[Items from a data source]
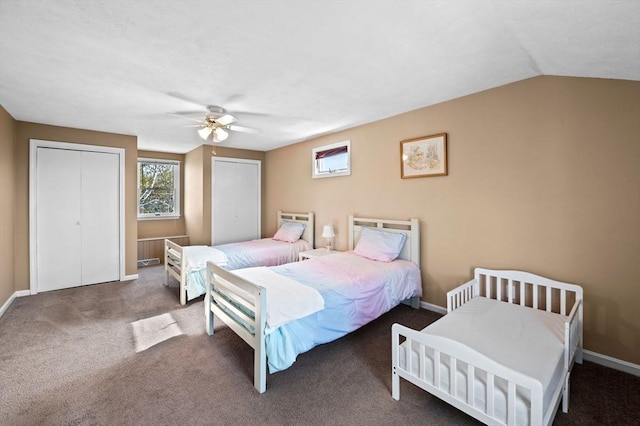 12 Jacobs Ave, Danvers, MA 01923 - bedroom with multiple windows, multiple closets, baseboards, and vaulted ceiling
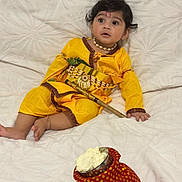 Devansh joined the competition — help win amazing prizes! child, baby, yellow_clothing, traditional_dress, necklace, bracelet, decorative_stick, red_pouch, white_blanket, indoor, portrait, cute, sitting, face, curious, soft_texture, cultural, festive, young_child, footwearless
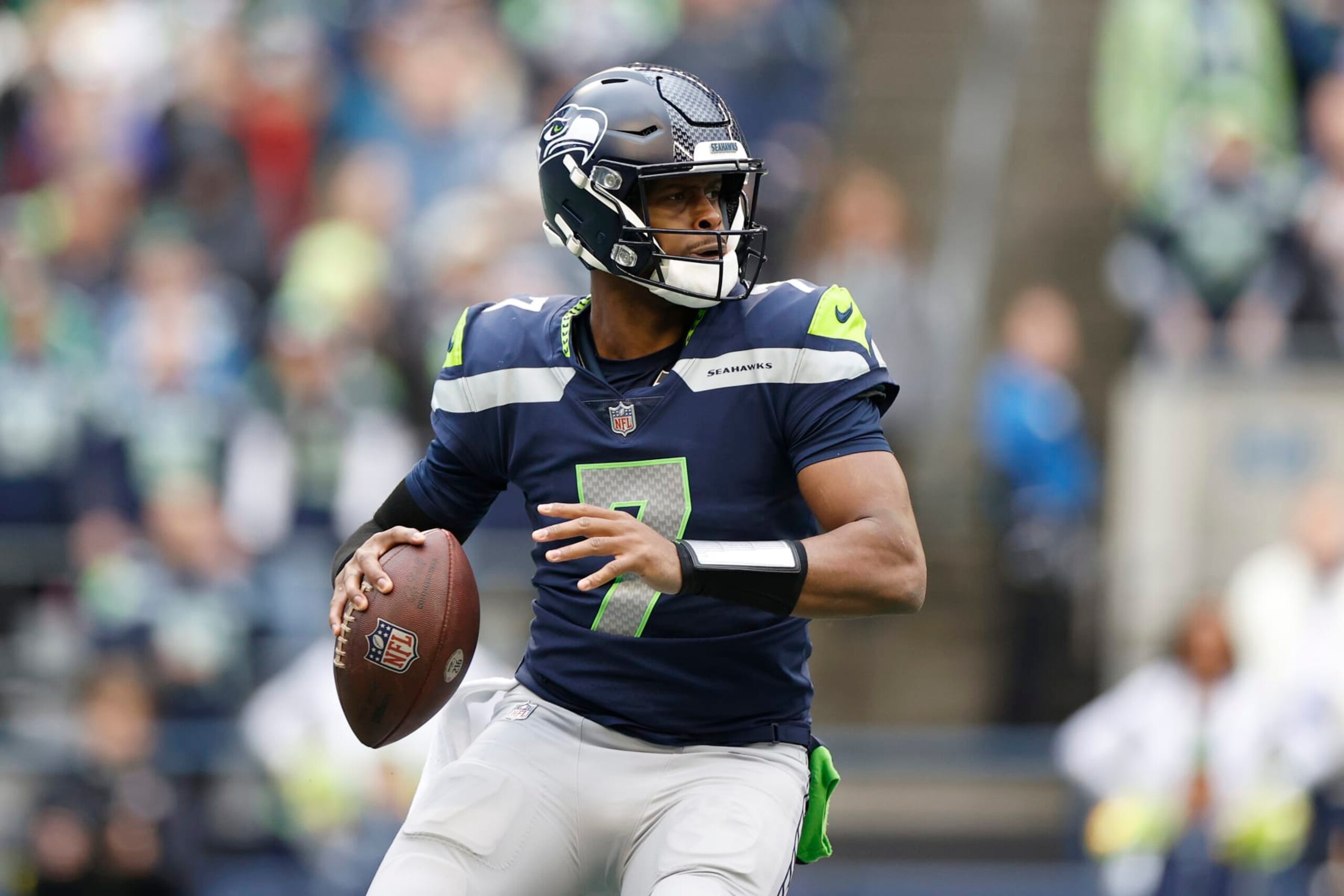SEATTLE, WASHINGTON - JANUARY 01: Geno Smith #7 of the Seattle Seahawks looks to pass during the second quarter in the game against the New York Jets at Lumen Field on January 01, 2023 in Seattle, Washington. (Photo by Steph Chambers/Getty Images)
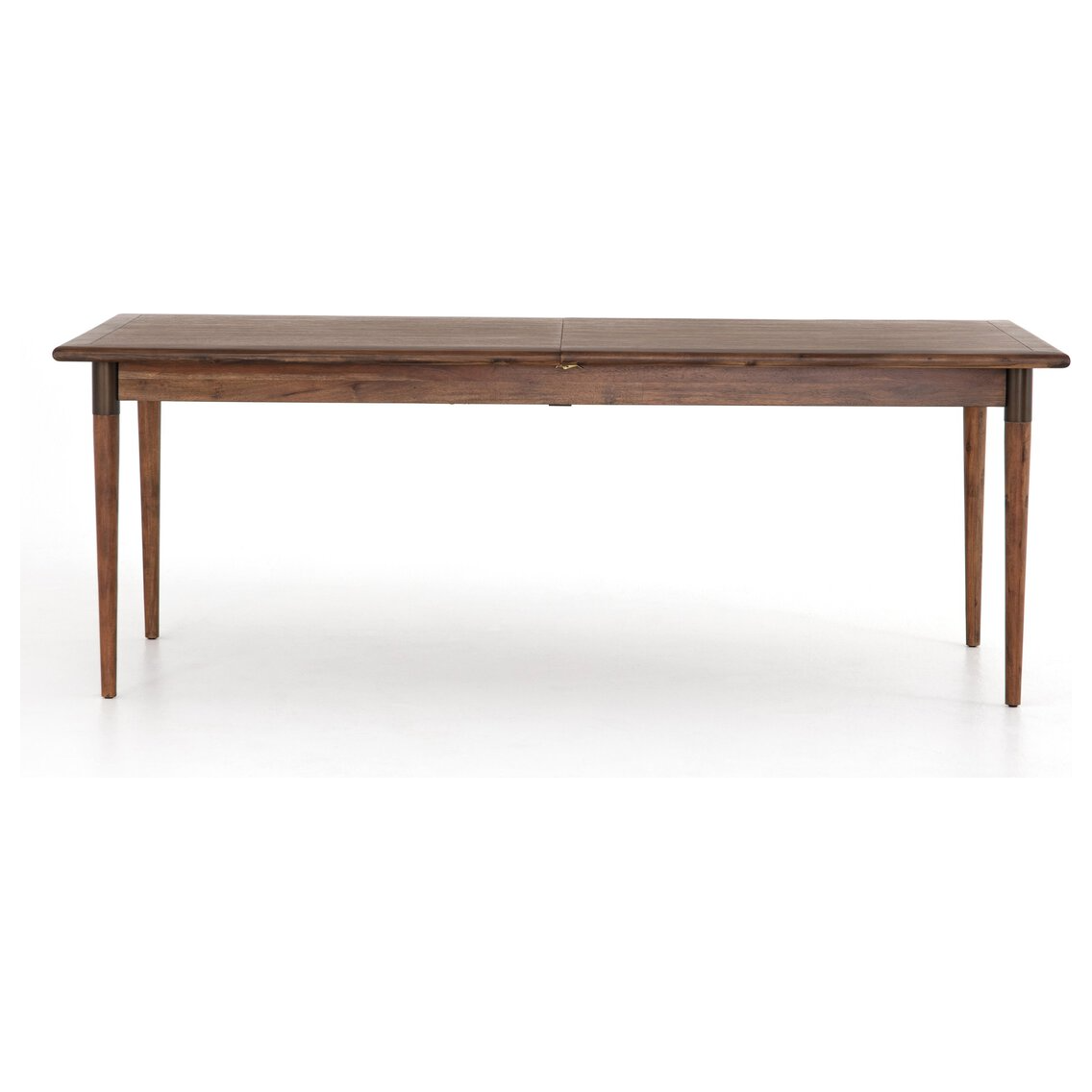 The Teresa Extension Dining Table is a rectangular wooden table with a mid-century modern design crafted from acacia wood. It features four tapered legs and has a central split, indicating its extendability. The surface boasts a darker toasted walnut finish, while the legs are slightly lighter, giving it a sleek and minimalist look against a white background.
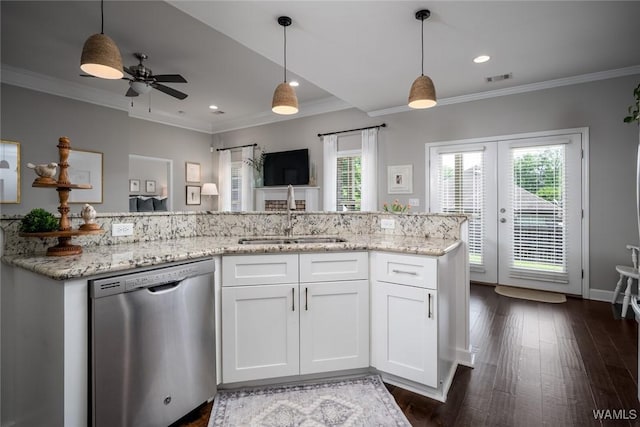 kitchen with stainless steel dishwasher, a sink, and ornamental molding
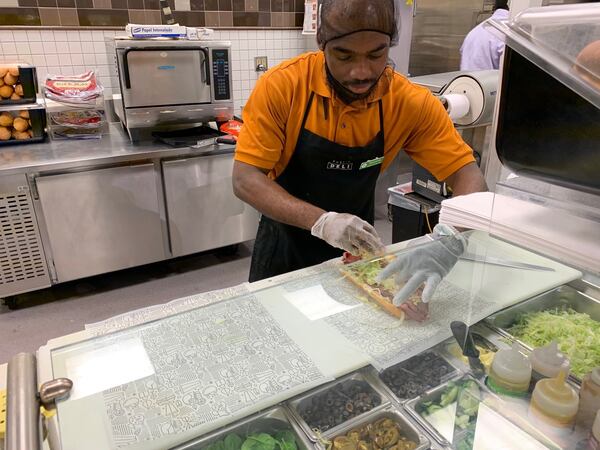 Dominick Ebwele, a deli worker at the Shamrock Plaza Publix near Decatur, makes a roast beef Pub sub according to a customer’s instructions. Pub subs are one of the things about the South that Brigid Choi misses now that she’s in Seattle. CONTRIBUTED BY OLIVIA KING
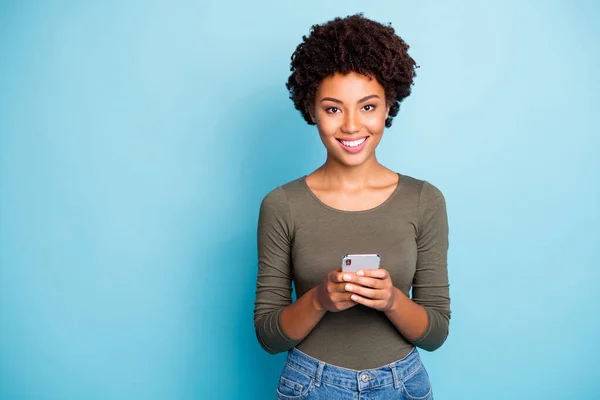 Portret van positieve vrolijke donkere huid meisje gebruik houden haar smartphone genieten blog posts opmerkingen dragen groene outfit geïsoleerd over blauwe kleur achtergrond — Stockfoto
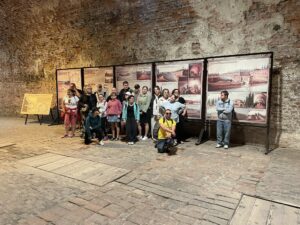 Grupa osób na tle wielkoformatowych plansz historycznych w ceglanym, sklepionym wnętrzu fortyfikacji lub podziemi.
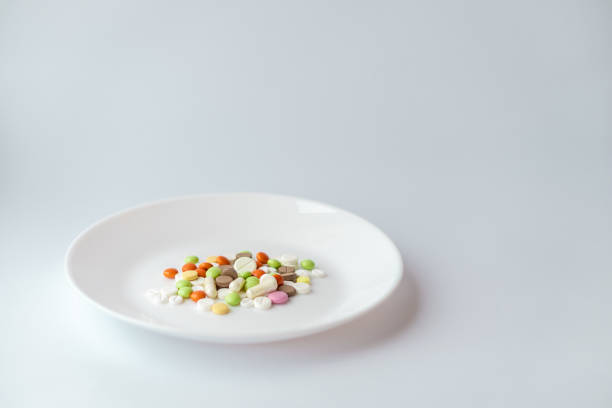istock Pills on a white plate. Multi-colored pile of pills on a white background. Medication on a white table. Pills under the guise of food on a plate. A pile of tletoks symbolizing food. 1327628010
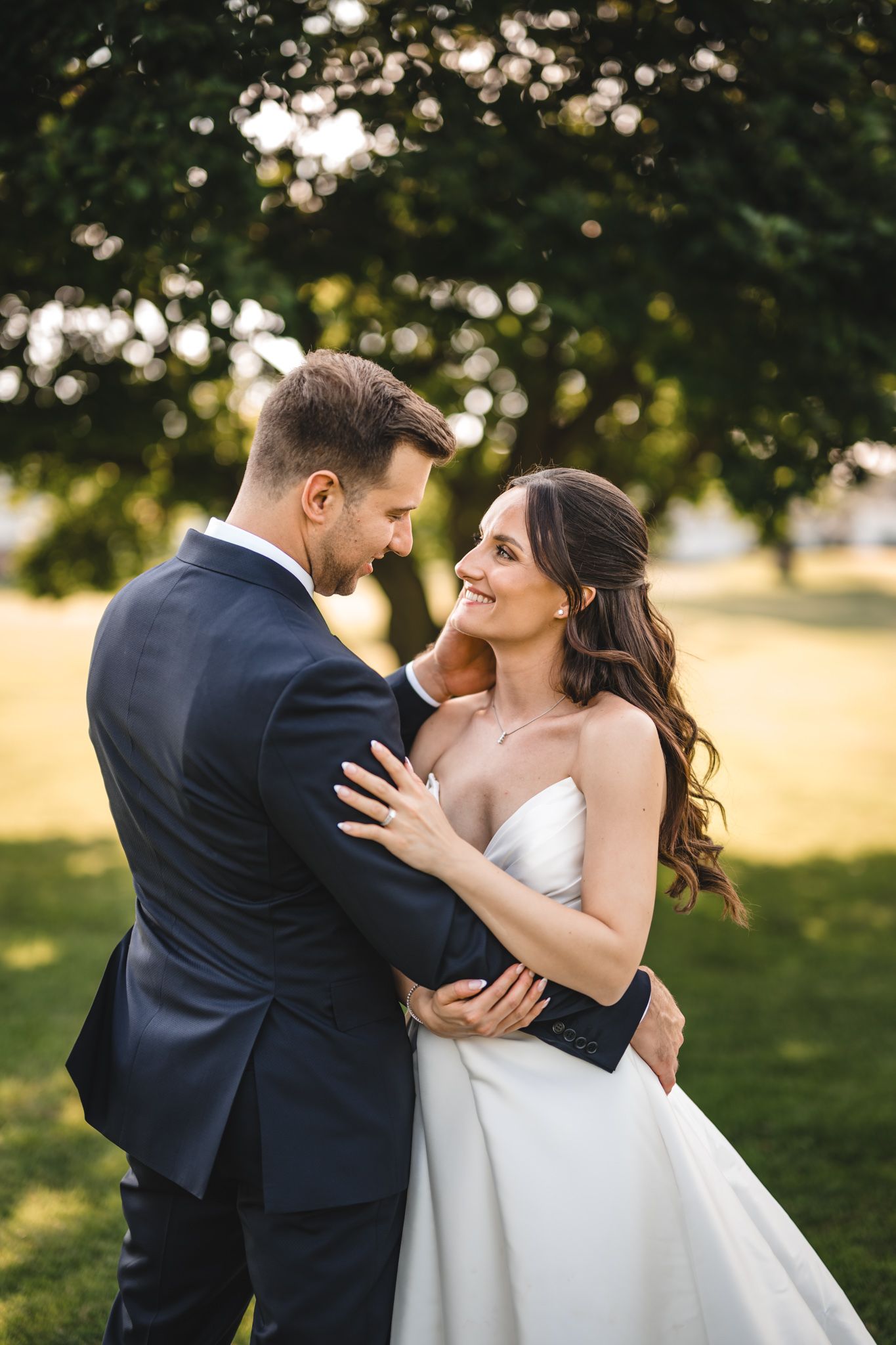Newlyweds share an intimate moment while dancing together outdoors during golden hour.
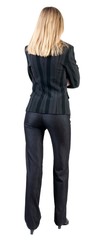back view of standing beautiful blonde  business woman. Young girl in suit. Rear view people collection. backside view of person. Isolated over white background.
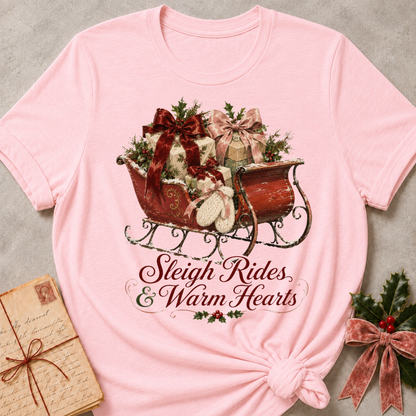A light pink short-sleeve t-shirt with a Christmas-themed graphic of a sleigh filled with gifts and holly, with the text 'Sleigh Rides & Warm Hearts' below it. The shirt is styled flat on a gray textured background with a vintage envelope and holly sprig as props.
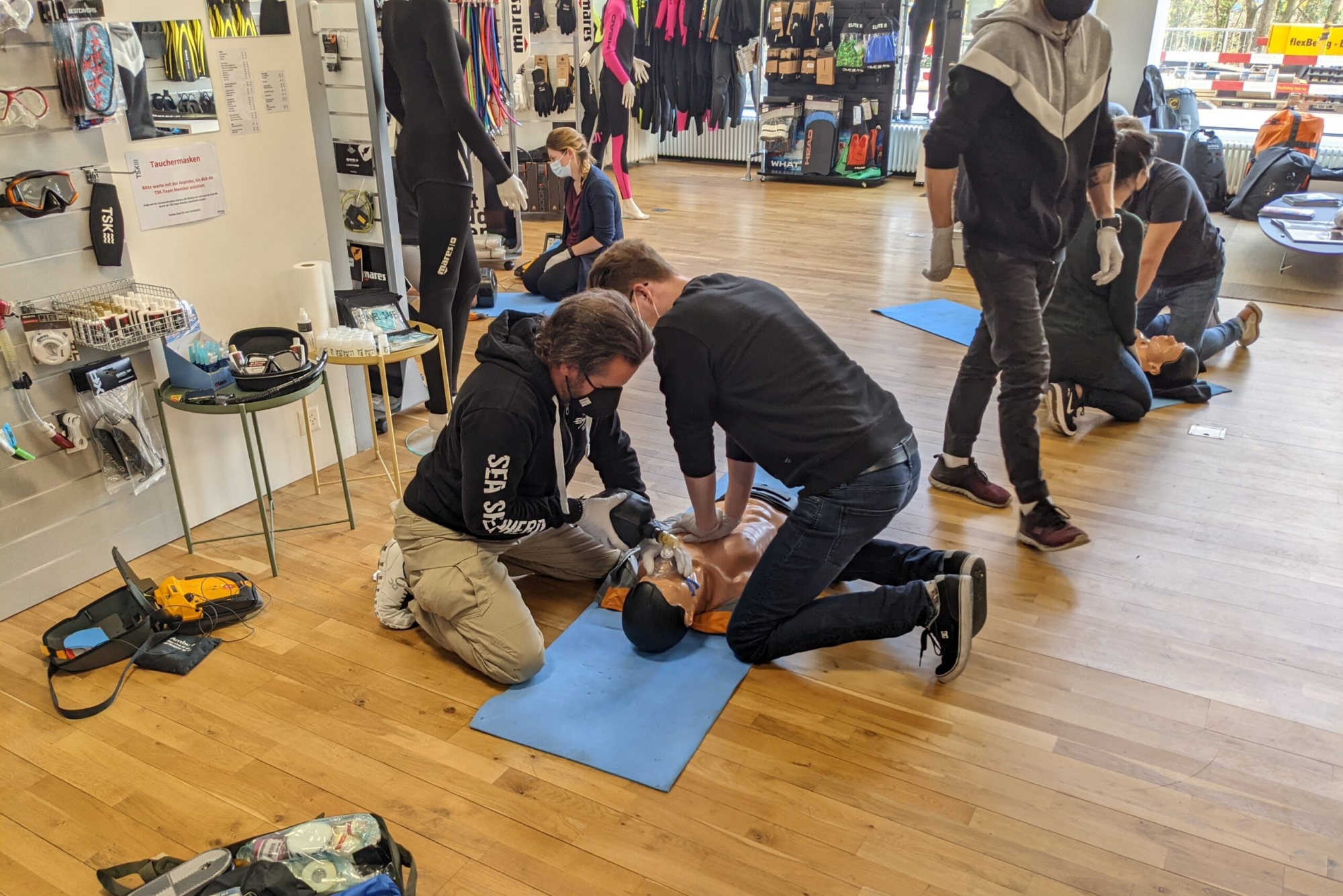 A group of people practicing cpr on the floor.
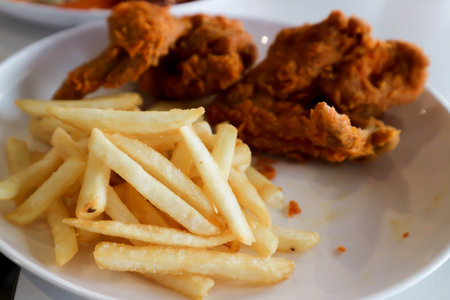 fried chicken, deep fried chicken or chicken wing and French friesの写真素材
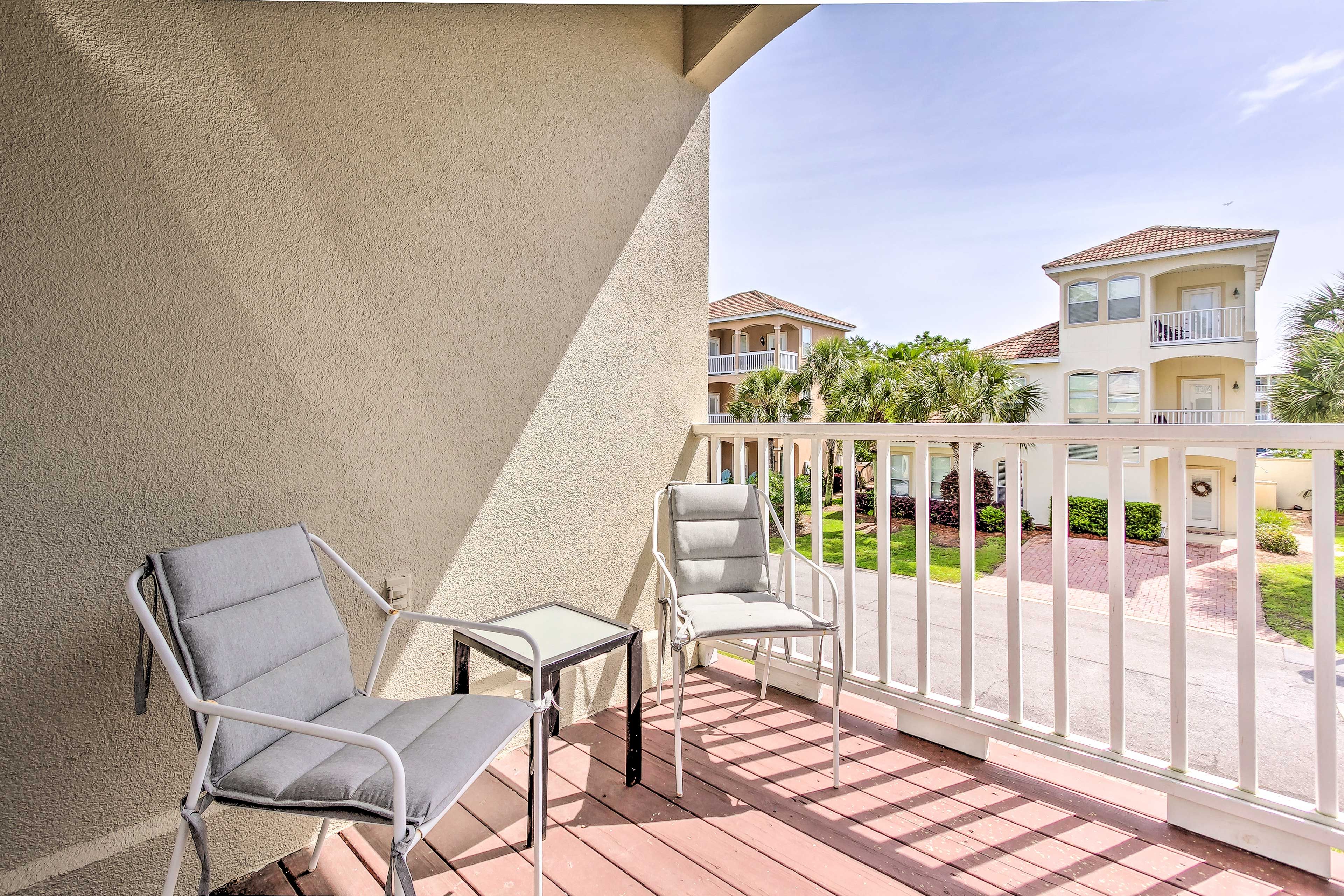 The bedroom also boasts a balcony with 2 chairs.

=== What the task asks ===
Return the lines above exactly; the images are not part of the copy.

=== Finished exercise ===
 12 Jacobs Ave, Danvers, MA 01923 - bedroom with multiple windows, multiple closets, baseboards, and vaulted ceiling
 Devansh joined the competition — help win amazing prizes! child, baby, yellow_clothing, traditional_dress, necklace, bracelet, decorative_stick, red_pouch, white_blanket, indoor, portrait, cute, sitting, face, curious, soft_texture, cultural, festive, young_child, footwearless
SEATTLE, WASHINGTON - JANUARY 01: Geno Smith #7 of the Seattle Seahawks looks to pass during the second quarter in the game against the New York Jets at Lumen Field on January 01, 2023 in Seattle, Washington. (Photo by Steph Chambers/Getty Images)
 The Teresa Extension Dining Table is a rectangular wooden table with a mid-century modern design crafted from acacia wood. It features four tapered legs and has a central split, indicating its extendability. The surface boasts a darker toasted walnut finish, while the legs are slightly lighter, giving it a sleek and minimalist look against a white background.
 kitchen with stainless steel dishwasher, a sink, and ornamental molding
 Dominick Ebwele, a deli worker at the Shamrock Plaza Publix near Decatur, makes a roast beef Pub sub according to a customer’s instructions. Pub subs are one of the things about the South that Brigid Choi misses now that she’s in Seattle. CONTRIBUTED BY OLIVIA KING
 Portret van positieve vrolijke donkere huid meisje gebruik houden haar smartphone genieten blog posts opmerkingen dragen groene outfit geïsoleerd over blauwe kleur achtergrond — Stockfoto
 Grupa osób na tle wielkoformatowych plansz historycznych w ceglanym, sklepionym wnętrzu fortyfikacji lub podziemi.
istock Pills on a white plate. Multi-colored pile of pills on a white background. Medication on a white table. Pills under the guise of food on a plate. A pile of tletoks symbolizing food. 1327628010
Newlyweds share an intimate moment while dancing together outdoors during golden hour.
back view of standing beautiful blonde  business woman. Young girl in suit. Rear view people collection. backside view of person. Isolated over white background.
A light pink short-sleeve t-shirt with a Christmas-themed graphic of a sleigh filled with gifts and holly, with the text 'Sleigh Rides & Warm Hearts' below it. The shirt is styled flat on a gray textured background with a vintage envelope and holly sprig as props.
 A group of people practicing cpr on the floor.
 fried chicken, deep fried chicken or chicken wing and French friesの写真素材
 The bedroom also boasts a balcony with 2 chairs.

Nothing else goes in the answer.